Dunphy was born 18 June 1907 in Perth, Western Australia, the son of William Henry Dunphy, and was educated at the Christian Brothers' College, Perth. He married Ethel Marshall Nunn on 19 December 1935, and they were the parents of two sons and three daughters. He was admitted to the Bar in 1932, was Western Australia's Crown Solicitor in May 1938 until September 1945[1] [2] and appointed as a King's Counsel in 1944,[3] and it was believed that he was then the youngest KC in Australia. In 1949, he was appointed to the Industrial Court and sat on the 1950 Basic Wage case, which made the decision to award a £1 a week pay rise which broke the barrier of £10 a week.[4] [5] and proceeded to sit on a succession of other courts within the federal and territorial jurisdictions until 1983.
Dunphy was the sole remaining judge of the Industrial Court which was disbanded and duties taken over by the industrial edition of the Federal Court.
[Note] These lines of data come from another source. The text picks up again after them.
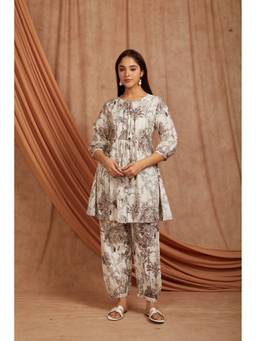 Sivi - Brown Printed Cotton Short Kurta with Pants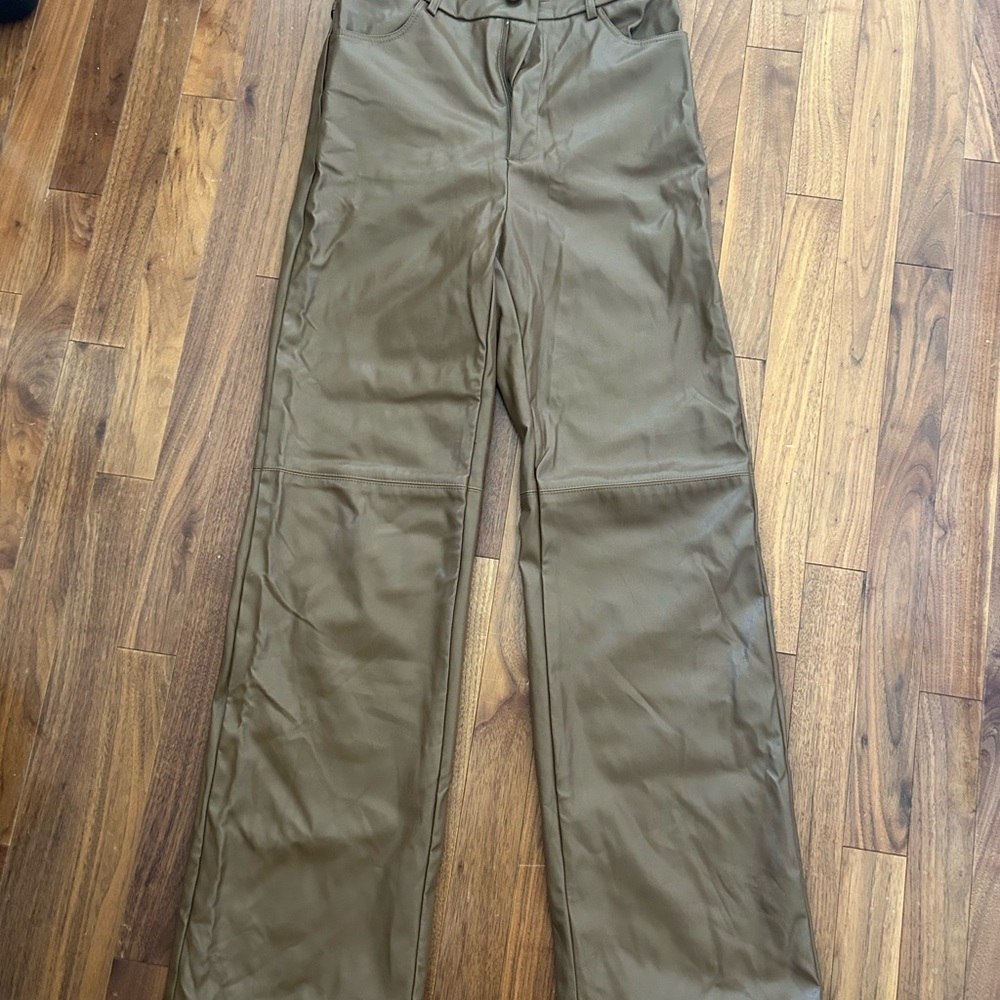 women’s fake leather brown pants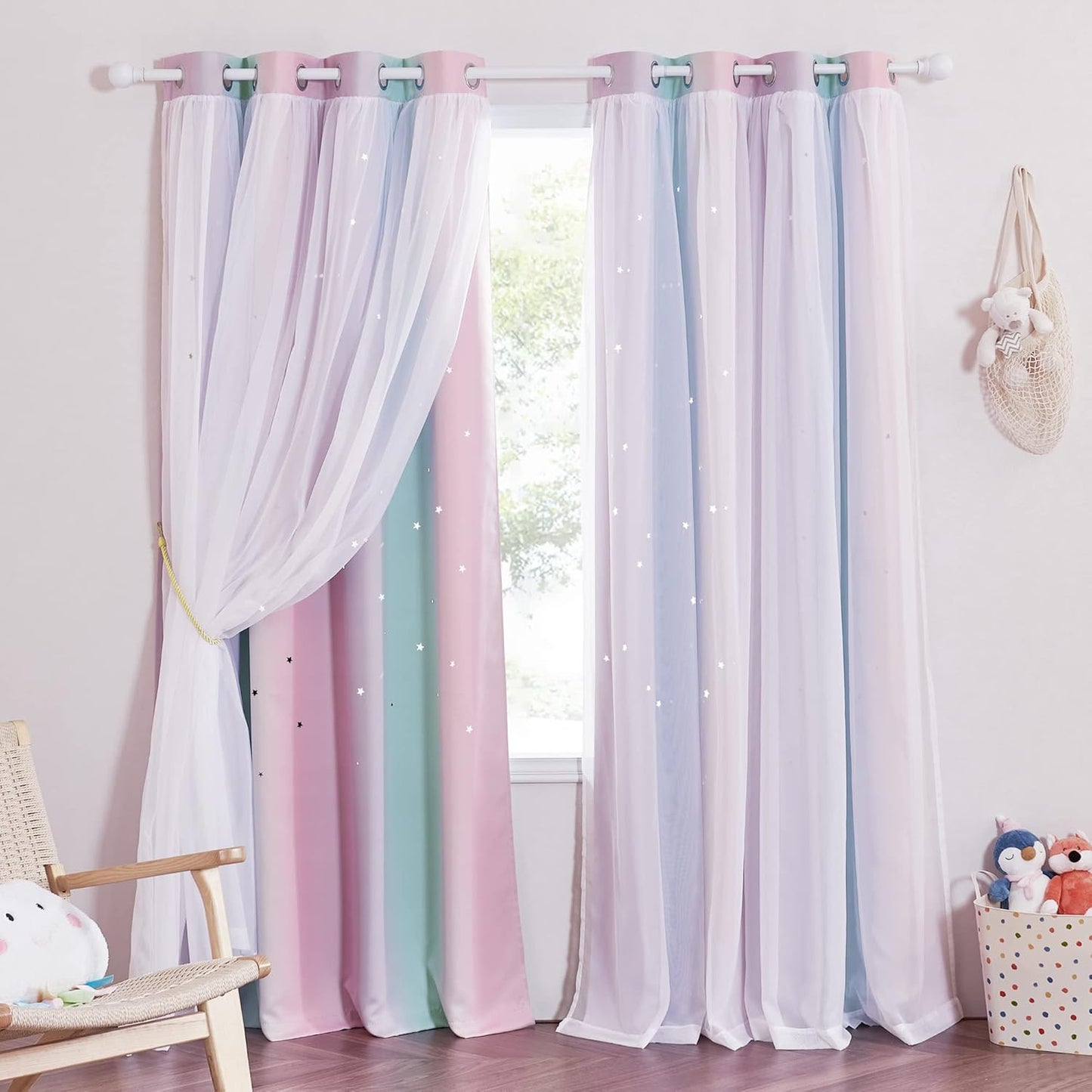 NICETOWN Rainbow Star Curtains for Girls Bedroom, Double Layer Colorful Stripes Kids Blackout Curtains Plus White Sheer Livingroom Window Curtains for School Classroom (Rainbow, W52 x L84, Sold by 2)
He gained some notoriety towards the end of his judicial career for not bending to political will for him to retire when past seventy years of age,[6] following the passing of the 1977 referendum on judicial retirement age. He remained a judge appointed for life, though it was stated by the government as unable to be appoint him to another court due his being past the designated retirement age, a claim that Dunphy rejected saying that other judges over 70 had already been appointed to other courts. He retired from the bench in 1983, and died in 1989.[7]